In our midst
Joel Mowbray publishes in the Washington Times a shocking account of the ties of a powerful professor/institute head at Georgetown University, Professor John Esposito.
Headline—grabbing stories about a British—based Muslim academic's public support for "martyrdom" last weekend missed a key detail: His mentor and frequent collaborator is a high—profile scholar who has been consulted repeatedly by the FBI, Professor John Esposito of Georgetown University.
Mr. Esposito has long courted controversy — most recently when the Georgetown—based center he founded in 1993 accepted $20 million last year from (and took the name of) a notorious Saudi prince. Yet, the professor has somehow been able to maintain a relatively high reputation in academic and government circles alike.
That Mr. Esposito is still largely respected owes to the subtlety of his apologism. He acknowledges that there is radicalism in Islam, and he generally avoids defending the likes of Hamas and Hezbollah. Even as he argues for engaging Islamists, he does so without overtly endorsing their worldview. But Mr. Esposito skillfully downplays the threat posed by radical Islam, and as demonstrated by his close affiliation with Azzam Tamimi, who told a massive crowd in the UK on Sunday that "dying for your beliefs is just," he willingly associates with avowed cheerleaders of Islamic terrorism.
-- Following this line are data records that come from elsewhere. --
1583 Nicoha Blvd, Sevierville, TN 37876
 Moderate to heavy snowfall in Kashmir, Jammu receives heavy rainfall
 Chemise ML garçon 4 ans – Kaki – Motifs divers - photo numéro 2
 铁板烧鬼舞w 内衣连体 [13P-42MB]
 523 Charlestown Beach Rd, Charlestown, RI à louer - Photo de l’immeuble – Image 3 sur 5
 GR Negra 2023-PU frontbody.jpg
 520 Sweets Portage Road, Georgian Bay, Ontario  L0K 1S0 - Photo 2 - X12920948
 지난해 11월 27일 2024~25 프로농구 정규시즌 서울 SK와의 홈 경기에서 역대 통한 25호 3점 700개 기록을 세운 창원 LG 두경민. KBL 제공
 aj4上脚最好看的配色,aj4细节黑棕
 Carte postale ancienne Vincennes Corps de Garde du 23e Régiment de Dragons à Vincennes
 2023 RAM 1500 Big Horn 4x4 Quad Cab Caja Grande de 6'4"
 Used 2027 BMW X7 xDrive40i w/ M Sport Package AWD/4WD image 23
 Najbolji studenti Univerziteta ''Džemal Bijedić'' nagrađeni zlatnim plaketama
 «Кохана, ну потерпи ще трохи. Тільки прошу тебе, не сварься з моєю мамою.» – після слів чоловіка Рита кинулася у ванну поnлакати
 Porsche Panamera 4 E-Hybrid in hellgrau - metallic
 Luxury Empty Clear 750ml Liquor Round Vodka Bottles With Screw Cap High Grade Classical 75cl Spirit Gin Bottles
Mowbray demoinstrates the professor's ties to various radicals, but focuses in on the case of the Muslim academic Azzam Tamimi and his close ties to Esposito.
What's most disconcerting about the case of Mr. Tamimi is not that someone who studied under and later worked with Mr. Esposito could turn out to be so noxious. It's that someone like Mr. Tamimi almost certainly could not have kept hidden his real and deeply held beliefs from his mentor and collaborator. [....]
Mr. Tamimi's only testy moment during the interview came when asked if it was morally acceptable to kill Americans who are only in Iraq to rebuild things like roads and schools. He snapped, "It is not my responsibility to tell the Iraqi people who they can kill or not."
To put it gently, Mr. Tamimi is not afraid to express radical views to a stranger, or for that matter, to 8,000 people in Manchester. It raises the question: What kind of venom has he spewed privately to Mr. Esposito?
Better yet, what has Mr. Esposito said back?